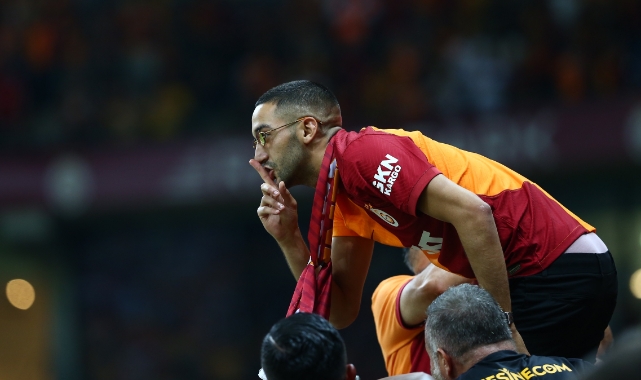 Ziyech, Galatasaray taraftarlarıyla buluştu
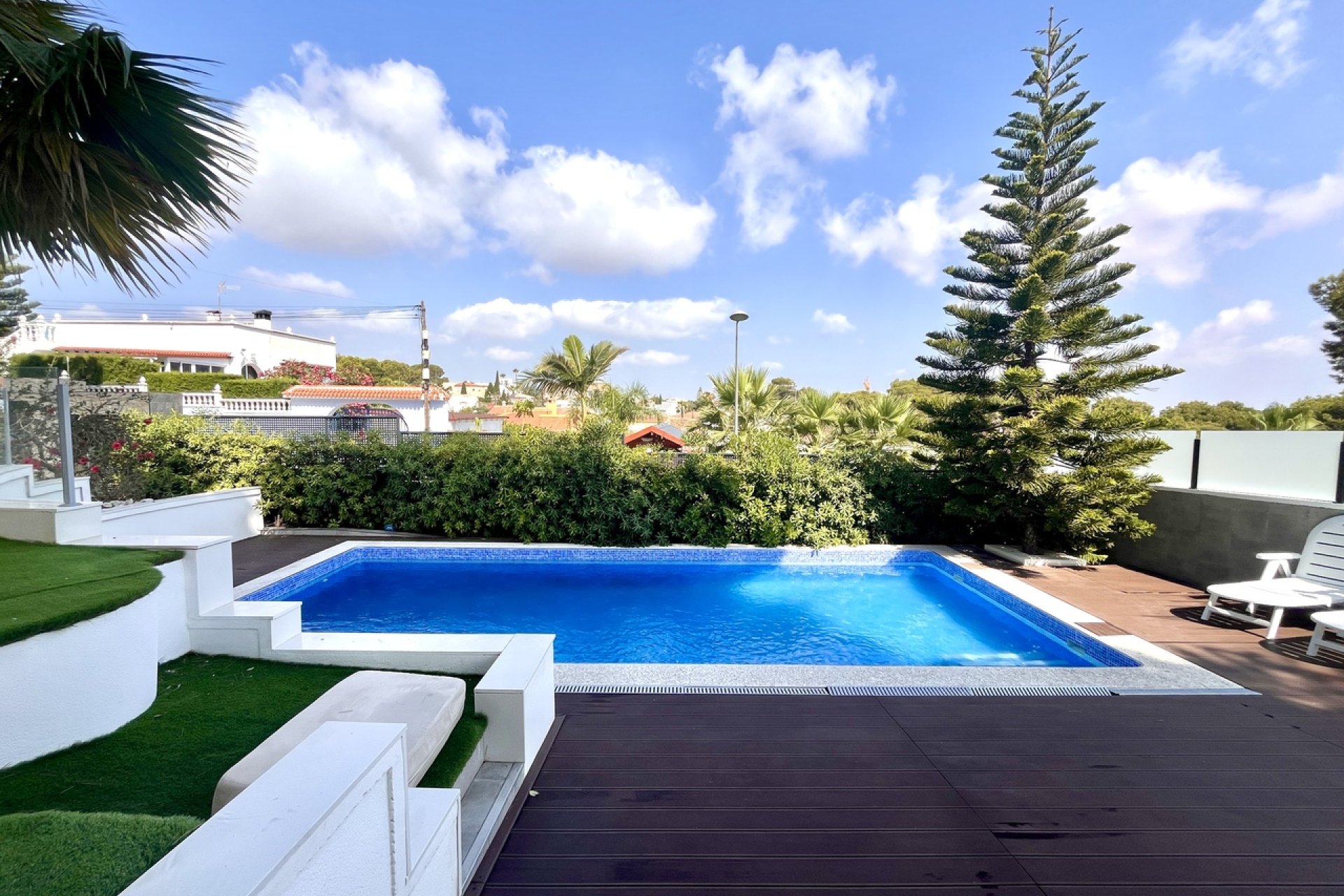 Segunda mano - Villa -
Los Balcones - Costa Blanca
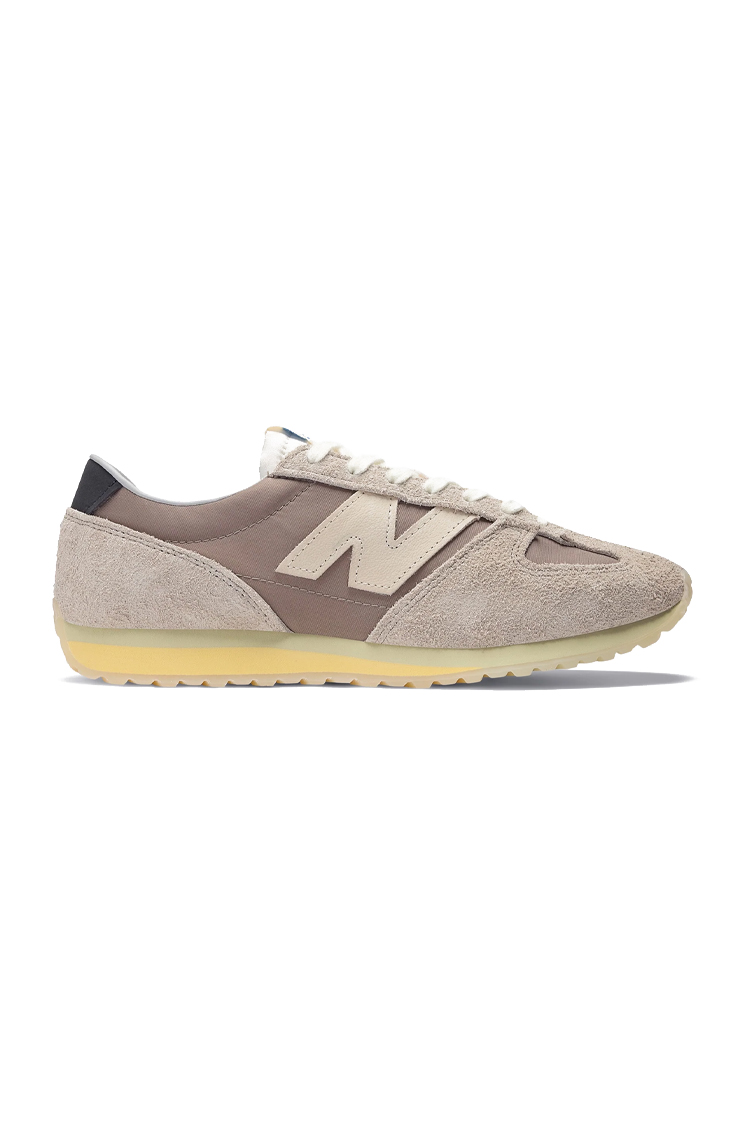 ניקרס ניו באלאנס New Balance 471 אפור חום זמש וטקסטיל עיצוב רטרו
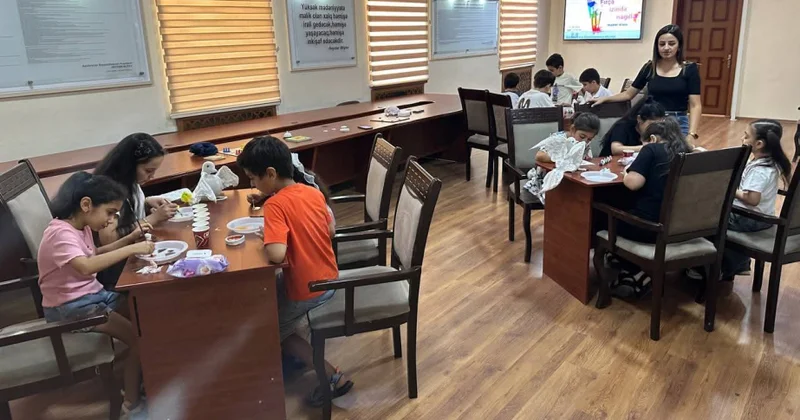 Salyanda ustad dərsi: “Fırça izində nağıllar”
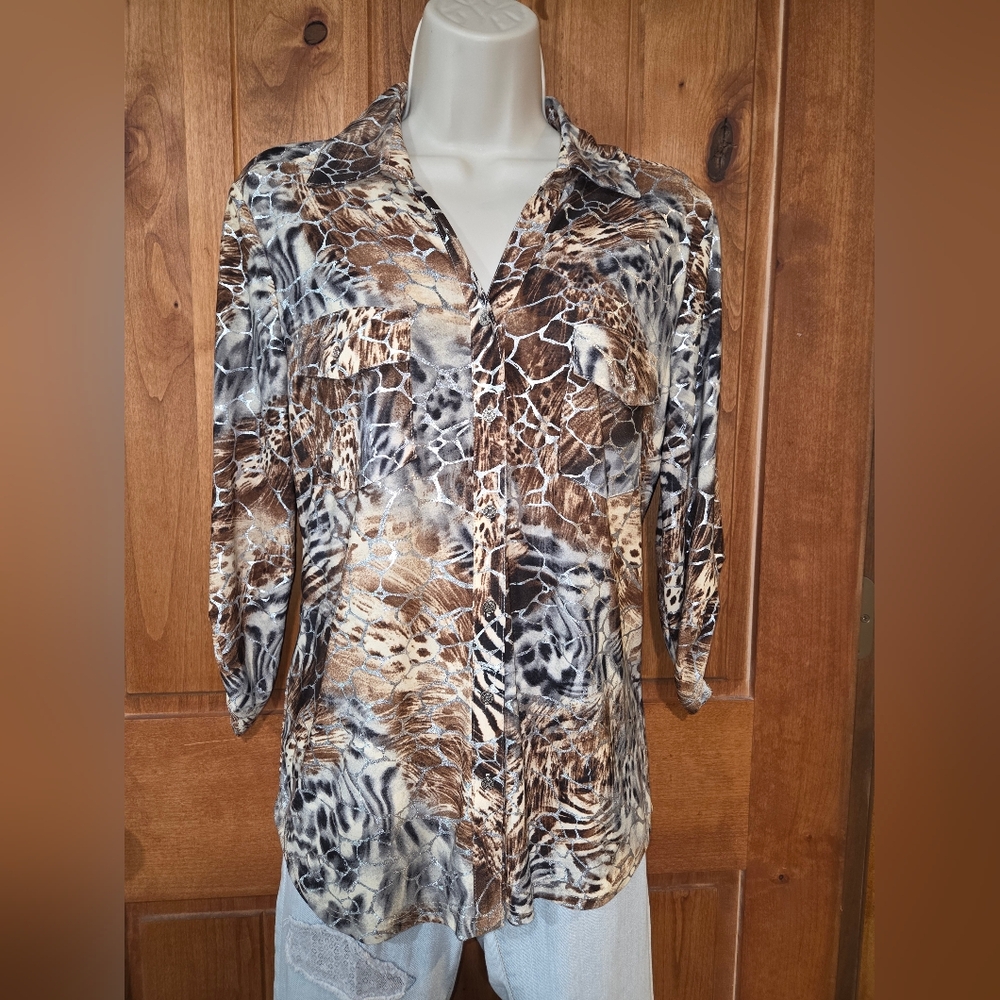 Silver Highlighted‎ Animal Print Button Down Shirt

[Exercise] Only the lines from the one containing "Segunda mano - Villa" through the end of the listing should be output, word for word and inclusive; keep pictures out.

[Worked solution]
 Segunda mano - Villa -
Los Balcones - Costa Blanca
 ניקרס ניו באלאנס New Balance 471 אפור חום זמש וטקסטיל עיצוב רטרו
 Salyanda ustad dərsi: “Fırça izində nağıllar”
 Silver Highlighted‎ Animal Print Button Down Shirt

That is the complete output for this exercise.